Your choose() method will be tested to ensure that:
- The results of choose( ) reflect the distribution of objects in the Bag.
I.e., if a DenseBag contains 9 a's and 1 b, invoking choose( ) 100 times would yield around 90 a's and 10 b's.
- The algorithm you use for choose( ) is proportional to the # of unique elements, not the total # of elements.

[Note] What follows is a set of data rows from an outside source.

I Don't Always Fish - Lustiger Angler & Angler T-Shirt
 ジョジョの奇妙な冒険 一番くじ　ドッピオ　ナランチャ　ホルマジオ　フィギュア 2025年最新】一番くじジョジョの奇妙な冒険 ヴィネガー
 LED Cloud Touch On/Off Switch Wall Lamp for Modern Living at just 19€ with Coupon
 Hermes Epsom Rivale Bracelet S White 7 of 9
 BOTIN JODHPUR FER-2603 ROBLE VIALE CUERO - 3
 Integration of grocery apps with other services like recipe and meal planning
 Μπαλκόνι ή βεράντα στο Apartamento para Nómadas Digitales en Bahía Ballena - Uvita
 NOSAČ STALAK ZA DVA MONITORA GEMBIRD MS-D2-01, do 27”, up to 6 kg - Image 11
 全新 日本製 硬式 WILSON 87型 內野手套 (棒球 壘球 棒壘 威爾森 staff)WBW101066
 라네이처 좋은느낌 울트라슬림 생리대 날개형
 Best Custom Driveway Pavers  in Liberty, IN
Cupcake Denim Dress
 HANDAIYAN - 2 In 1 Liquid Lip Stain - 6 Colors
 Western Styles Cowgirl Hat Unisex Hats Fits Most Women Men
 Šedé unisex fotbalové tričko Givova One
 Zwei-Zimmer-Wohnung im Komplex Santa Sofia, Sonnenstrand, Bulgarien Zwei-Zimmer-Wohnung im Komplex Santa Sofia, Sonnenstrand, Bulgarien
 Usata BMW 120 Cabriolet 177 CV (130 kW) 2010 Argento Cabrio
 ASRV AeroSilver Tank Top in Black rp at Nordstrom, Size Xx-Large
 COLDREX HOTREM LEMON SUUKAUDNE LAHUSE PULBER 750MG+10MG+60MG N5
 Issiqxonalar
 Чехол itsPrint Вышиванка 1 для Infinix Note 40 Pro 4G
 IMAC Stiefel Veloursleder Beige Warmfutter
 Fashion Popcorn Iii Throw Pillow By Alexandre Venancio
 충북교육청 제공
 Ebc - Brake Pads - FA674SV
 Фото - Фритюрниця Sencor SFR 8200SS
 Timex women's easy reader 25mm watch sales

I.e., the choose( ) method should take about the same time for a DenseBag containing 10 a's and a DenseBag containing 10 million a's.
To generate random numbers, use the nextInt(int n) method of the class Random, which will return a random integer value between 0 and n-1 with uniform probability
To randomly choose between events with different probabilities, you can assign events to different ranges of numbers corresponding to the probabilities, then select the event corresponding to the random number generated within this range.
- Given 3 events A(50%), B(45%), C(5%) & object r from class Random
- Assign the range of values between 0-99 to A, B, C in some combination preserving their probability
- Assignment 1: A(0-49), B(50-94), C(95-99)
- Assignment 2: C(0-4), B(5-49), A(50-99)
- Generate x = r.nextInt(100), where x will be between 0 and 99
- Choose between A, B, C depending on the value of x
- For Assignment 1, if x=44, then pick A. If x=96, then pick C.
- For Assignment 2, if x=44, then pick B. If x=96, then pick A.
- DenseBag.hashcode( )
From the hashcode( ) method project documentation:
Return a hashCode that fulfills the requirements for hashCode (such as
any two equal DenseBags must have the same hashCode) as well as desired
properties (two unequal DenseBags will generally, but not always, have
Your hashcode() method will be tested to ensure that:
- Two DenseBag objects that are equal (according to equal( )) have the same hashcode.
- Two DenseBag objects that are not equal will usually not have the same hashcode.
In general, a hashcode( ) method should also be significantly less expensive to compute than the equals( ) method (otherwise why even use a hashcode?), but we will not be testing for efficiency.
The hashcode( ) method should thus compute the hashcode from the same attributes of an object that are used by the equals( ) method, but do it in a simpler/superficial way.
Example hashcode( ) implementations:
- For String.hashcode( )
- could simply take the first letter of the String and convert it to an integer value
- two equal strings would be guaranteed to have the same hashcode (1st letters must be identical)
- would be more efficient than comparing the entire string
- BUT, would perform poorly if tested with multiple strings beginning with same letter
- For List.hashcode( )
- could simply take the hashcode( ) of the first element in the list
- two equal lists would be guaranteed to have the same hashcode (1st elements must be identical)
- would be more efficient than comparing the entire list
- assumes hashcode( ) is implemented properly for elements in the list
- BUT, would perform poorly if tested with multiple lists beginning with same element
- For Set.hashcode( )
- could add the hashcode( ) of all the elements in the Set
- two equal Sets would be guaranteed to have the same hashcode (integer sums are equal regardless of order of addition)
- simply taking the hashcode( ) of the first element in the Set would not work (since Sets are unordered, and two equal Sets could have different 1st elements)
Simply converting an object to a String and using the string's hashcode( ) would not work if two equal objects generate different strings, and would probably be inefficient in any case since the toString() method would likely do more work than equals( ).